When is it OK to give up on a boring book? Add to ...

Coffee shop creativity

“In a series of experiments that looked at the effects of noise on creative thinking, researchers at the University of Illinois at Urbana-Champaign had participants brainstorm for new products while they were exposed to varying levels of background noise,” says The New York Times. “Their results, published in the Journal of Consumer Research, found that a level of ambient noise typical of a bustling coffee shop or a television playing in a living room, about 70 decibels, enhanced performance compared with the relative quiet of 50 decibels. A higher level of noise, however, about 85 decibels, roughly the noise level generated by a blender or a garbage disposal, was too distracting, the researchers found.”

When to abandon the book

“It’s the season of ‘beach reads’ and Best Summer Books lists – and thus, also, the season for the re-emergence of the perennial question of when, if ever, it’s okay to give up on a book halfway through,” Oliver Burkeman writes in The Guardian. “Here’s my official position: It’s fine to abandon books or other projects – but you’ve got to really abandon them, not let them fade amid vague intentions to finish them some day. … [T]hrow the beach-read into the sea. Make abandonment a positive choice. Otherwise you’ll be paralyzed, unable to walk away entirely or to finish, stuck in a Catch-22. Which is, by the way – according to the website Goodreads – the book that people are most likely to start but never complete.”

Best words for meetings?

“Forget presentations, handshakes and power suits: Workers looking to make the biggest impact in a business meeting should instead focus on using a very specific set of words,” says Business News Daily. New research has found that workers who used the words “yeah,” “give,” “start,” “meeting” and “discuss” ended up with more accepted proposals in meetings. In the study, Cynthia Rudin, a professor in the Massachusetts Institute of Technology’s Sloan school of management, and MIT student Been Kim examined data from meetings and the impact of certain words during those meetings. The research is particularly important considering that 11 million meetings take place every day, Rudin and Kim said. The specific words were found to be persuasive for a number of reasons. For example, the word “yeah” is believed to show acceptance and agreement on a point of view.

Spot the mistake

Last week, a Russian was arrested for stealing a bridge after police said they followed drag marks to his home, reports United Press International. The 23-year-old man in the northern Vologda region apparently hooked the small steel bridge to his tractor and hauled it away to sell as scrap metal. He had allegedly broken the structure down into smaller pieces with a cutting torch, but had not yet sold them. Recent daring metal thefts in Russia include several locomotives and a special bike ridden by a circus bear.

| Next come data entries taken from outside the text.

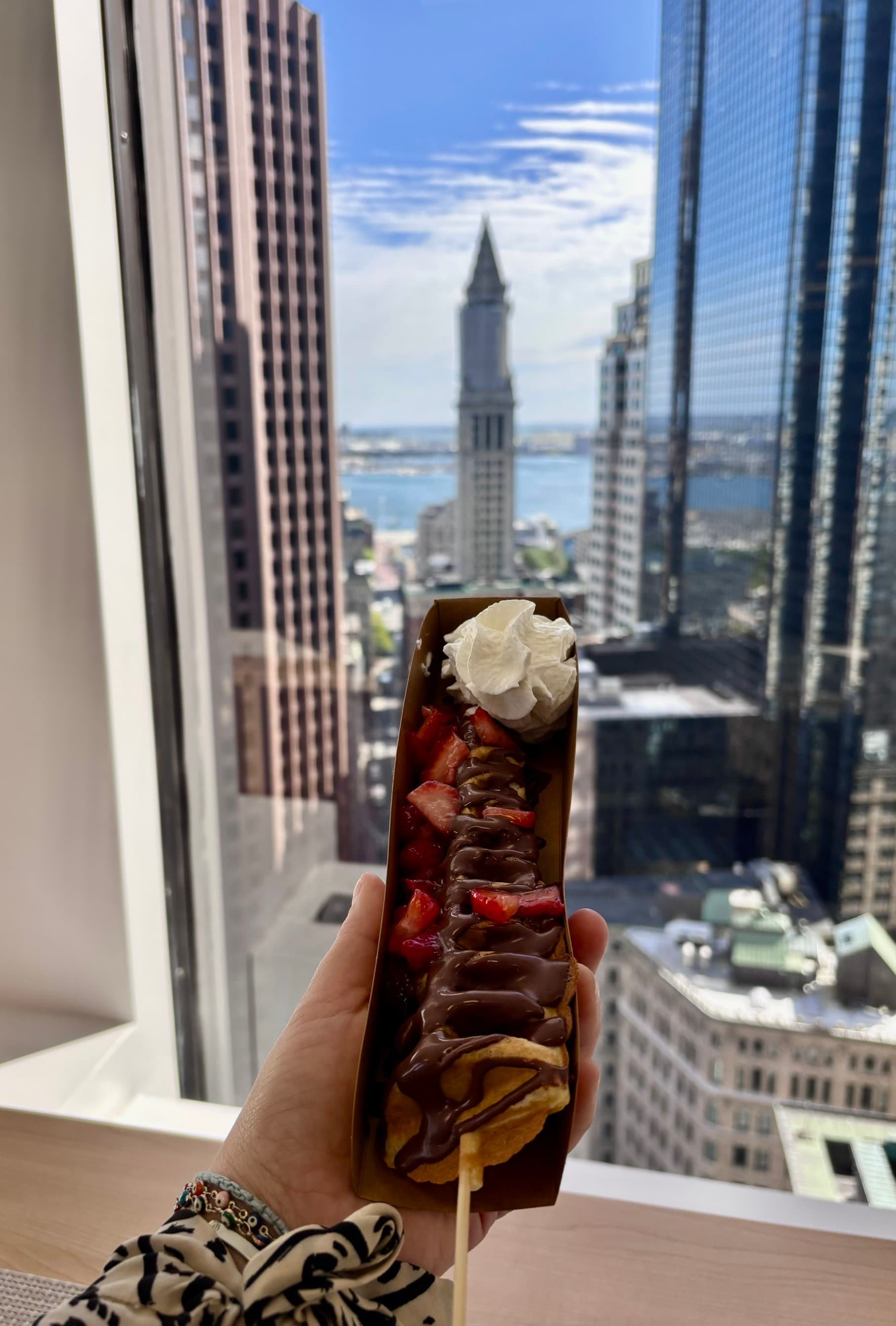 Wander Waffles CO serving made-to-order waffles on a stick with fresh toppings for Greater Boston events.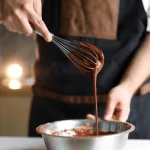 **Tag Words:** triple layered chocolate cake, Chef Ed, decadent dessert, rich chocolate, chocolate ganache, layered cake, gourmet baking, moist chocolate cake, chocolate lover dessert, homemade cake, bakery style, elegant dessert, celebration cake, fudge frosting, chocolate indulgence, three layer cake, dark chocolate, creamy ganache, party dessert, special occasion cake, chocolate masterpiece, chocolate filling, dessert recipe, chocolate layers, layered ganache cake, cake recipe, baked from scratch, chocolate fantasy, chef-inspired dessert, showstopper cake, chocolate decadence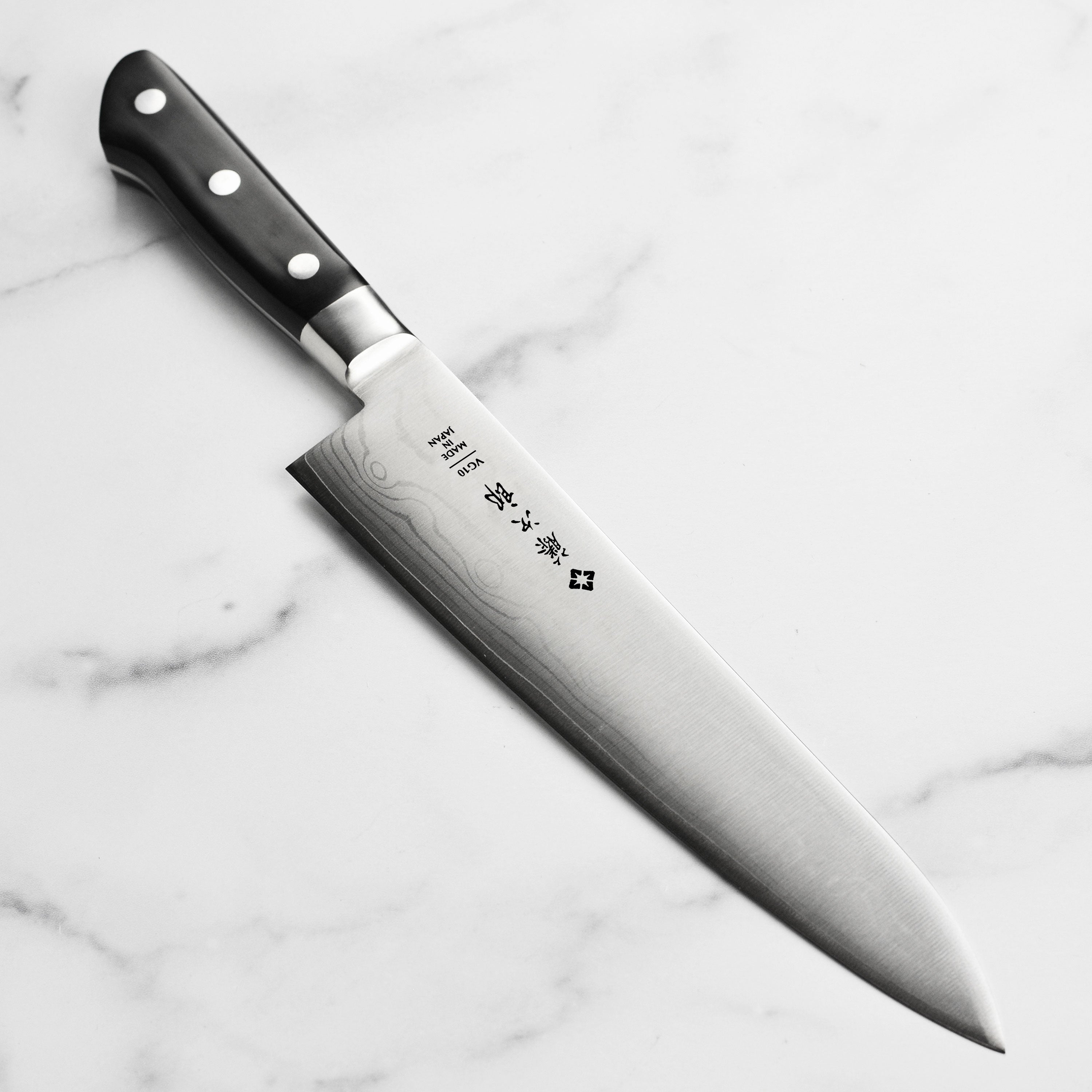 Damascus pattern on the blade of a Japanese kitchen knife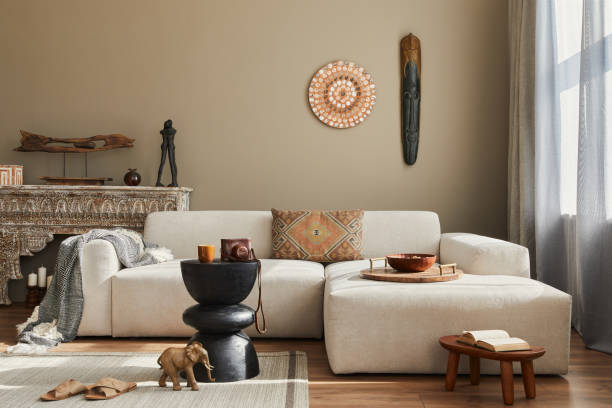 istock Stylish ethnic living room interior with design modular sofa. 1324839959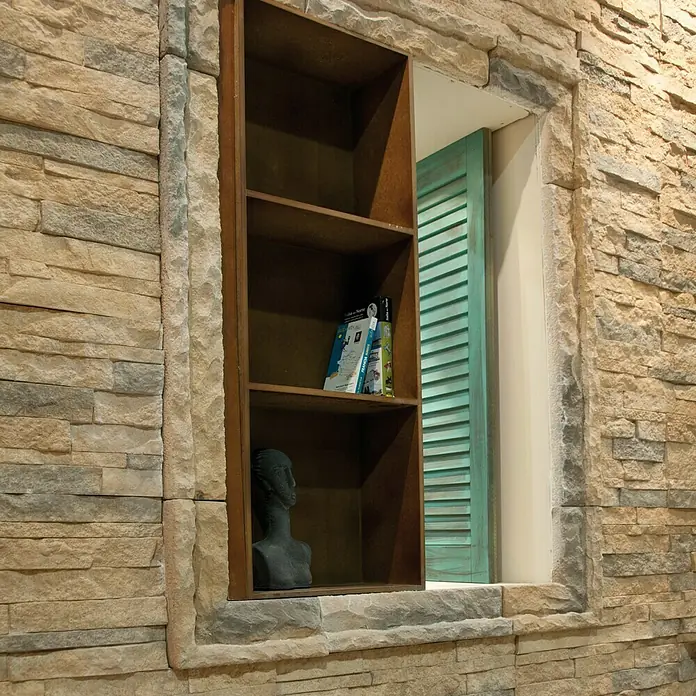 Revestimiento de piedra Salonica Canela - 60 x 30 x 2 cm - Estante con objetos decorativos integrado en una pared de piedra. La librería alberga libros y una escultura y está flanqueada por un marco de ventana.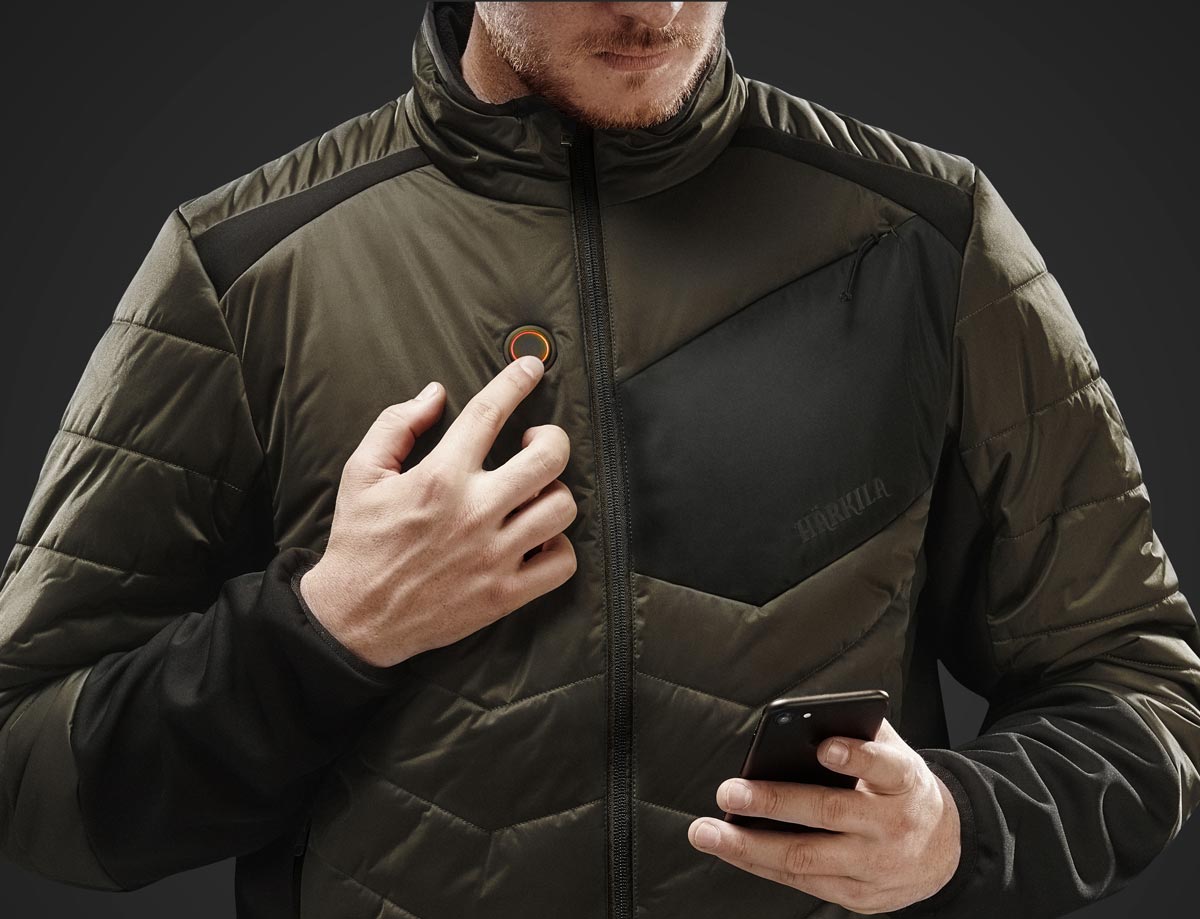 Detailansicht einer Härkila-HEAT-Control-Heizjacke mit Einstelltaste und Smartphone.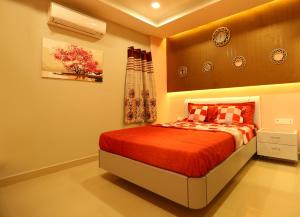 a bedroom with a bed with a red comforter at Babukala Regency in Kanchipuram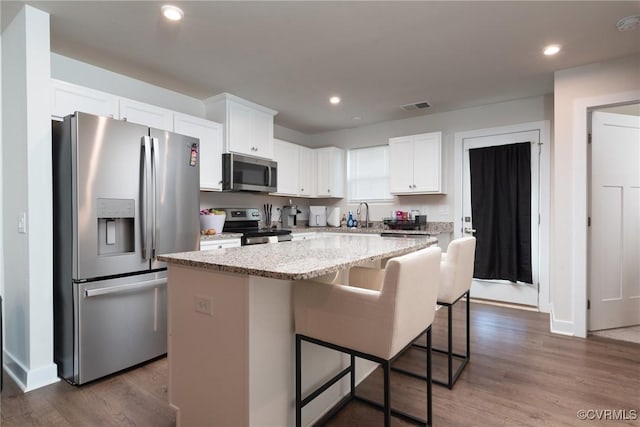 6740 Edith Oaks Way Unit 6740, Chesterfield, VA 23234 - kitchen featuring appliances with stainless steel finishes, a center island, white cabinets, a breakfast bar area, and recessed lighting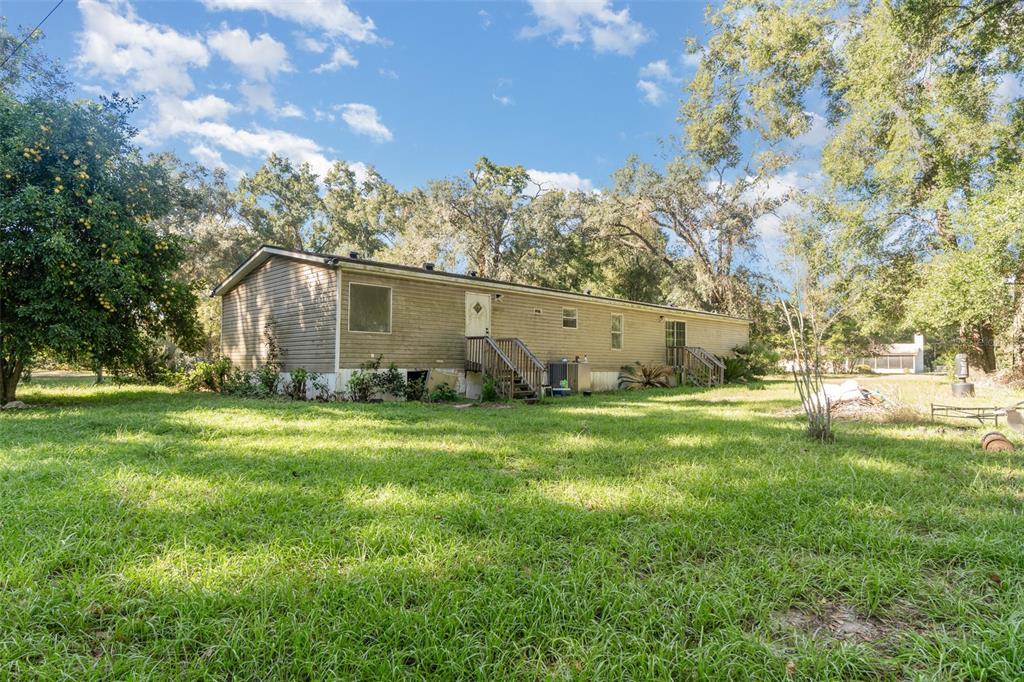 A single-story manufactured home sits on a grassy lot surrounded by mature trees — 18905 NW 250TH STREET, HIGH SPRINGS, FL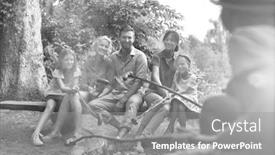  Presentation with black family - Cool new slide set with black and white photo of happy family roasting sausages over campfire at park backdrop and a gray colored foreground
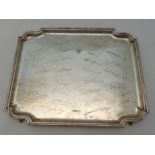 A hallmarked silver shaped rectangular presentation tray on four bracket feet with facsimile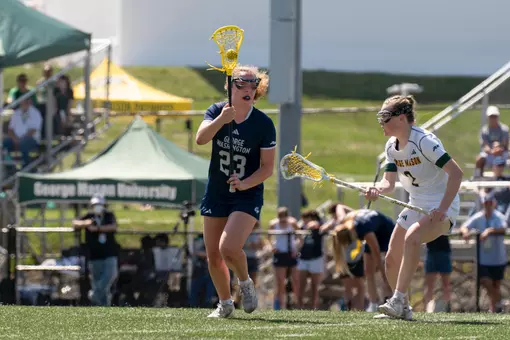 Maggie Pond moves the ball against George Mason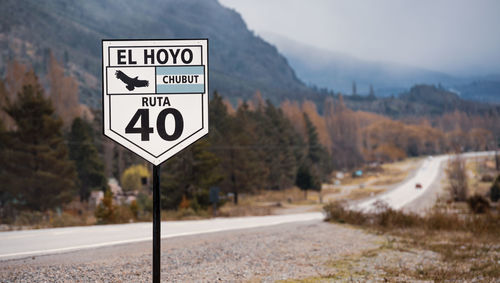 Road sign against trees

Whales afraid of the dark?

“The ocean is a scary place,” says the New Scientist. “Below about 200 metres, no light can penetrate and the water becomes pitch black. All sorts of monsters live in this perpetual darkness: Colossal squid lie in ambush, and hungry sperm whales prowl. Even if you’re as big and powerful as a long-finned pilot whale, there’s always the possibility of running into kraken. So perhaps we shouldn’t be surprised that pilot whales like to stick close together when they plunge into the murky depths. A new study shows that they stay within a few metres of each other as they dive, and even stroke each other with their flippers. After all, if you’re going to venture into the darkness, it helps to have a hand to hold.”

Thought du jour

“Hope is a pleasant acquaintance, but an unsafe friend.” – Thomas Chandler Haliburton, Nova Scotia politician and author (1796-1865)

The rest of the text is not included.